The KV-2 tank was equipped with a 152-mm tank howitzer mod. 1938/40 (M-10T) tank version of the 1938 model field howitzer (M-10). The M-10T howitzer was mounted on trunnions in the turret and was completely balanced, but the turret with the M-10T gun was not balanced: its center of mass was not located on the geometric axis of rotation. As a result, the standard electric motor of the turret traverse drive, even with a slight roll of the machine, did not cope with its task. The M-10T howitzer had vertical guidance angles from −3 to + 18 °, with a fixed turret position, it could be guided in a small horizontal guidance sector (the so-called “jewelry” guidance). The shot was fired by means of a manual mechanical trigger.
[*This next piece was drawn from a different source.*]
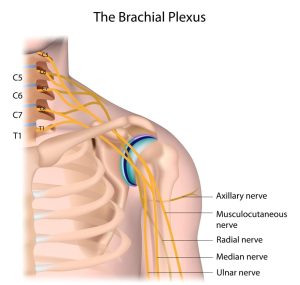 Long Term Disability Lawyers for Brachial Plexus Injuries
The ammunition load of the gun was 36 separate loading rounds. The shots ( shells and propelling charges in the casings ) were stacked in the turret and along both sides of the fighting compartment. Compared to the wide range of ammunition for the 152 mm M-10 howitzer, the standard KV-2 ammunition was limited to only one type of ammunition:

  • high-explosive high-explosive steel howitzer grenade OF-530 weighing 40 kg (explosive mass – TNT or ammotol  – from 5.47 to 6.86 kg) and a special charge obtained from the standard charge Zh-536 of the towed M-10 howitzer by removing several equilibrium bunches of gunpowder.